En suma, esta censura tampoco tiene éxito.
4. Como la decisión es adversa al recurrente, se le condenará en costas, de conformidad con el artículo 375 del Código de Procedimiento Civil. Para su cuantificación se tendrá en cuenta que la contradictora guardó silencio.

DECISION

En mérito de lo expuesto, la Sala de Casación Civil de la Corte Suprema de Justicia, administrando justicia en nombre de la República y por autoridad de la ley, NO CASA la sentencia de 14 de marzo de 2013, proferida por la Sala Civil Familia del Tribunal Superior de Buga, dentro del proceso ordinario de la menor María Alejandra Hernández Penilla, representada por su progenitora Olga Cecilia Hernández Penilla, contra Guillermo Hebert Salcedo Prieto.

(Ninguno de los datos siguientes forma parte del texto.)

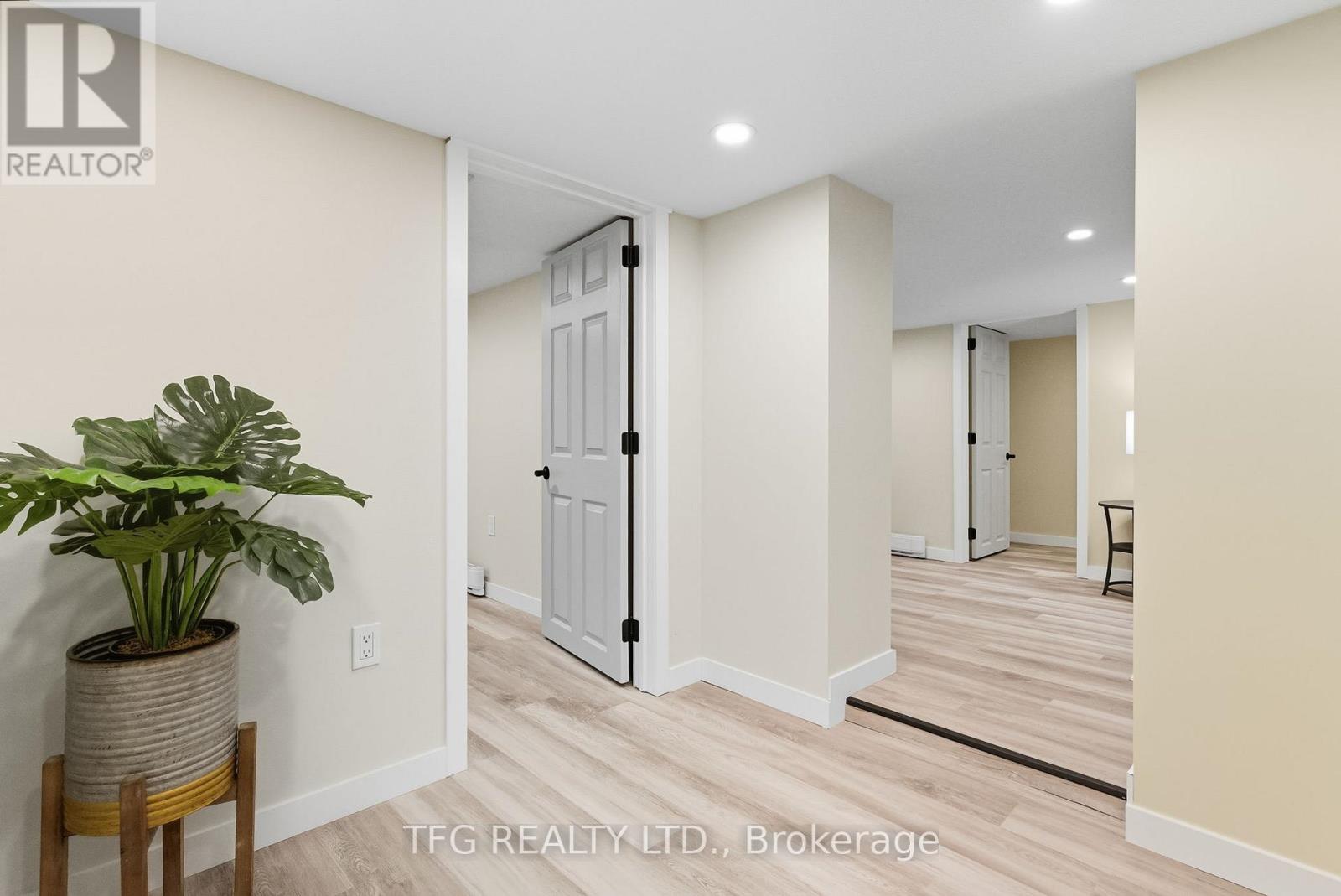 1120 Somerville Street, Oshawa, Ontario  L1G 4K5 - Photo 27 - E12540010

Se condena en costas a la parte impugnante. Por concepto de agencias en derecho, se fija la suma de tres millones de pesos ($3'000.000).
Notifíquese y devuélvase
AROLDO WILSON QUIROZ MONSALVO
Presidente de Sala
MARGARITA CABELLO BLANCO
ÁLVARO FERNANDO GARCÍA RESTREPO
LUIS ALONSO RICO PUERTA
ARIEL SALAZAR RAMÍREZ
OCTAVIO AUGUSTO TEJEIRO DUQUE
LUIS ARMANDO TOLOSA VILLABONA
1 Sentencia de 24 de octubre de 2011, expediente 1969.